Dersim krizinde önce alkışladı sonra
Onur Öymen’i istifaya çağırdı. Ardından da Baykal istifa çağrısına karşı çıkınca bunu hatırlatanları “CHP’nin içine fesat sokmaya çalışmakla” suçladı.
“Biz iktidara gelirsek” diye başlayan cümlelerin iktidara gelinmezse bir bağlayıcılığı yok. Gelinirse de zaten Ak Parti devrilmiş olacağından uygulanıp uygulanmaması gibi bir dert de yok.
Açıkcası Kılıçdaroğlu gaz
fren ayarı olmayan popülist söylemleri çok rahat kullanabilen siyasetçi tiplemesine uyuyor.
Şu anda tek amaç var o da Ak Parti iktidarından kurtulmak.
Dolayısıyla Kılıçdaroğlu’nu alkışlayan candaş ve yoldaşlar açısından bu yolda her vaat verilebilir.
Şimdi alkışçılar Ak Parti’yi devirene kadar Kılıçdaroğlu’nun her vaadini göklere çıkarmaya da hazır emirleri bekliyor.

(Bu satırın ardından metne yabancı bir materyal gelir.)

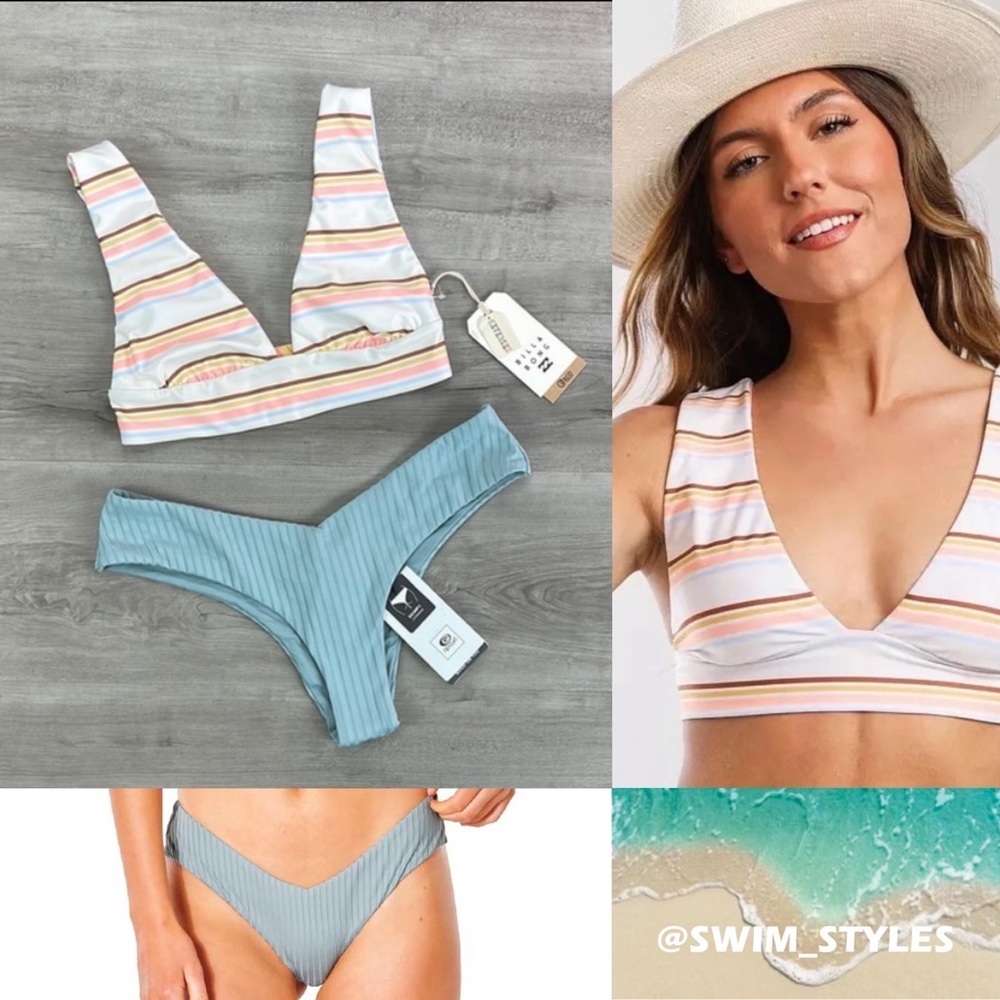 🔆BILLABONG🔆 RIP CURL🔆 FEELING SUNNY PLUNGE PREMIUM SURF SKIMPY HIPSTER BIKINI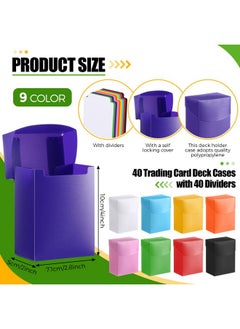 Jerify 80 Pcs Deck Cards Boxes With Dividers 40 Trading Card Storage Box And 40 Dividers Plastic Card Deck Cases Storage Organizer Carrying Case For Games Card Playing Card Trading Cards Sports Cards  - Image 3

Bir yandan da Kılıçdaroğlu ile ilgili sürekli dürüstlük imajı ön plana çıkarılıyor.
Yeter ki halk bu projeyi tutsun.
Candaşlar, yoldaşlar ve paydaşlar kendileri için işkence olan 8 yıllık Ak Parti iktidarından şimdi hep birlikte kurtulmak için bir
tüneli kazmaya başladılar.
Bu tünel kazılsın, Kılıçdaroğlu’nun estirdiği rüzgarla Ak Parti yıkılsın bugün Kılıçdaroğlu’nu masaların üstünde alkışlayanlar önce onu devirmek için kolları sıvayacak.
Kılıçdaroğlu beklentiyi karşılayamazsa zaten gidecek.
Kılıçdaroğlu hem Ak Parti’den hem de Ak Parti’ye oy verdikleri için milletten intikam almak için desteklenen bir sembol.
Bu intikamı alacak olan ise Kılıçdaroğlu değil bugün onu alkışlayanlar.
İşte kendilerini kaybetmelerinin asıl sebebi bu.